(I believe I'm posting this a bit early, but I didn't realize that until half way thru writing it, so I'll post it anyway, ha ha.)
I found a particular statement in Martha Rosler's Shedding The Utopian Moment kind of interesting and would like to expand upon it. She was basically describing how one was not supposed to "enter the system, but to transform every aspect of it and ... to redefine the system out of existence by merging art with social life and making audience and producer interchangeable." After reading more thoughts on this issue, and with a bit of translating on my part so that I could easily understand what was being said, it seems Rosler came to the conclusion that video art creates its message or whatever image it portrays through the audience that's viewing it as opposed to industries or institutions that common broadcasting try to target. You're able to interact with video art through your own consciousness, which is what makes these videos, and the bond between art and technology, work in the first place. We don't usually feel much for normal, daily broadcasting on television because we've been inclined to think that it's always trying to sell or suggest that we do something that will benefit them, thus we lose whatever real connection we could have with those videos. Simply knowing that a video was made and meant for us to watch , that wants us to use our own interpretations, opinions, and "sensibility" to help birth the artist's AND the viewer's vision, is the difference between the "culture industry VS consciousness industry" Rosler mentions earlier.

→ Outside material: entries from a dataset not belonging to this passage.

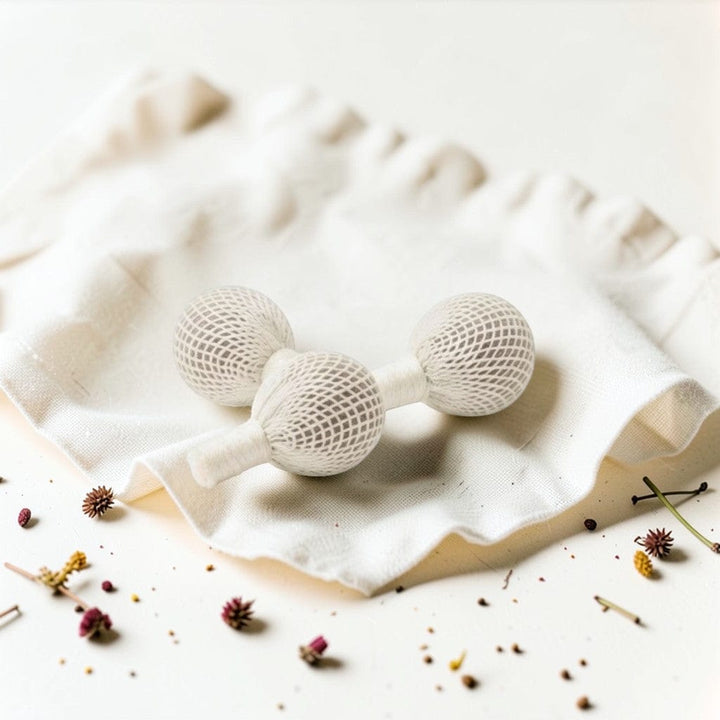 Gaiaè Organic Yoni Pearls for feminine wellness and natural cleansing. Pink mesh balls with string.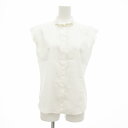 【中古】ハナエモリ HANAE MORI シャツ ブラウス スカラップ ノースリーブ 38 白 ホワイト /VU□ 0411 レディース 【ベクトル 古着】 250411(4)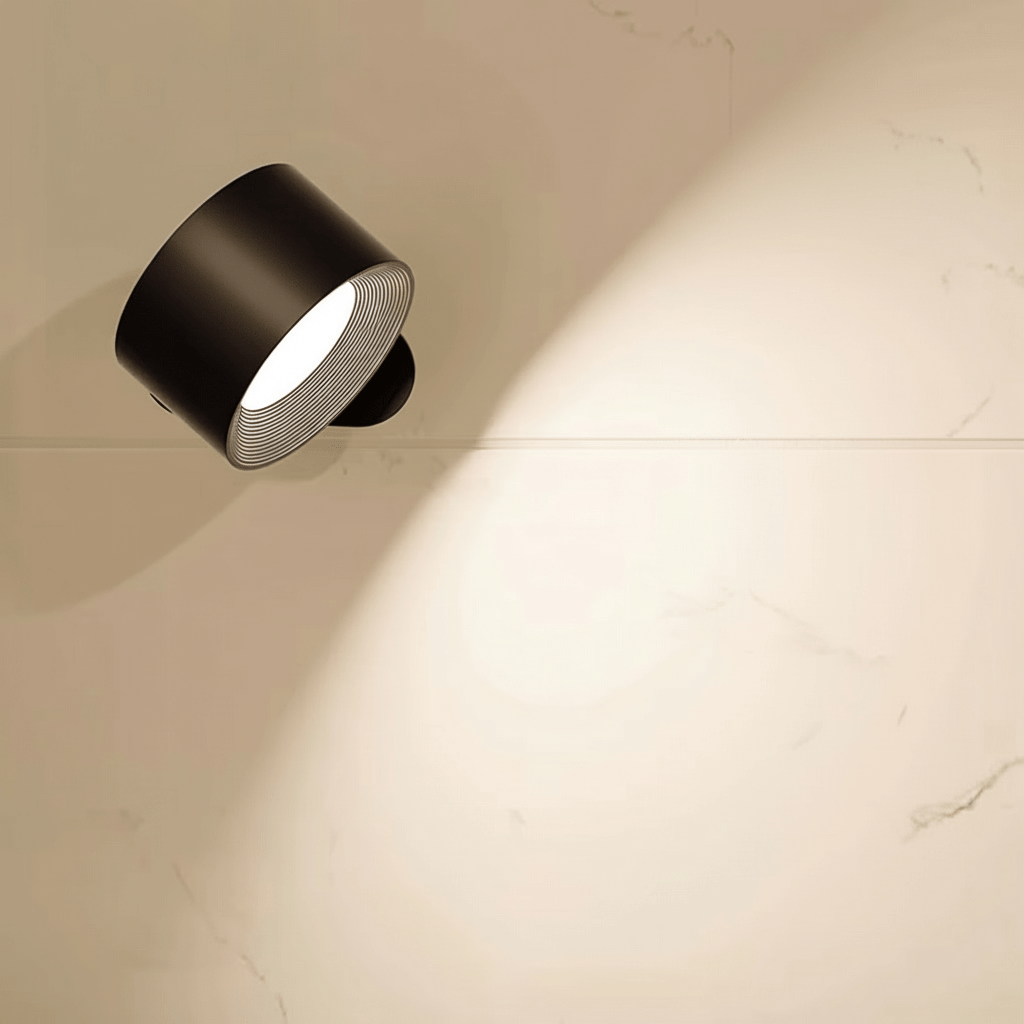 Contemporary wireless wall lamp with remote, rechargeable for flexible LED lighting in modern home decor.
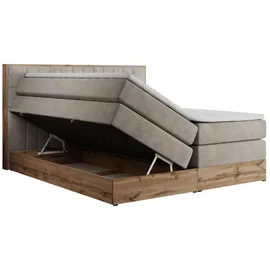 MKS Meble King Boxspringbett 180x200 mit Bettkasten Eiche, Polsterbett 180x200 mit Matratze H3, Bett 180x200 mit Kopfteil, Bett mit Holzrahmen in W... - Beige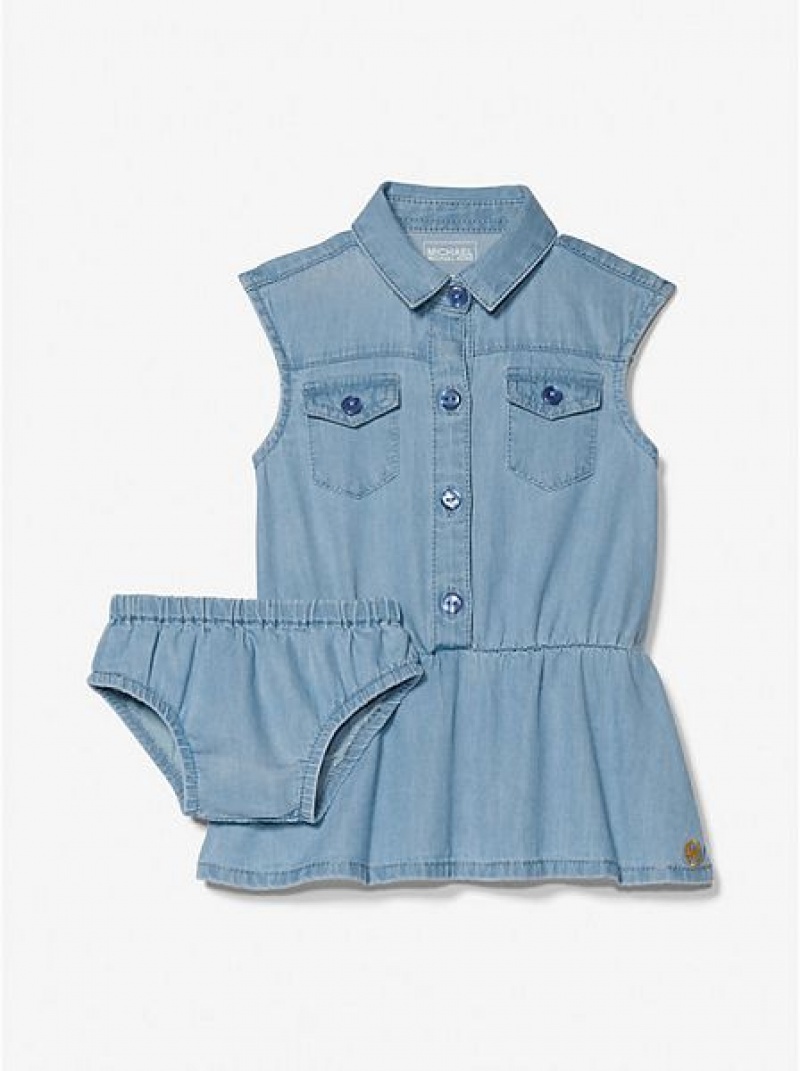 Sukienki Michael Kors Chambray And Bloomer Dziecięce Niebieskie | 489701-VLK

Howdy Paige! No problem posting early. I was actually just re-reading the essay myself, trying to get at what she's talking about again. My understanding of her use of the terms "culture industry" and "consciousness industry" is that they represent, on the one hand, the broadcast-television industry, and on the other the gallery and museum systems of exhibiting art. I don't remember which term corresponds to which, (these terms are from an Adorno essay, I believe) but she is pointing out that video artists in the late 60's and early 70's were critical of both institutions, though the two "streams" within video art that she sites tend to deal with them differently. That is, the "poetic" stream (you could think of artists like Nam June Paik or Bill Viola in this camp) or the "collectivist" (video collectives and pirate tv groups like Top Value Television or VideoFreex would fall into this camp).
ReplyDeleteI think you're on to something in terms of how artists and the industry position the viewer. There are very different approaches to power in terms of what the viewer or audience is expected to see and understand. I think Rosler's claim, though I'm not sure where I stand on it, is that the artists who fall into the "poetic" camp are operating in ways similar to the industries' relationship to the viewer. That is to say, if they are operating within the museum system and asserting themselves as creative individuals who ought to express themselves through the medium of video without actively subverting those systems of power, then they are reinforcing the dominant ideology (in this case, the patriarchal bourgeois system.)
Looking forward to talking about this more in class.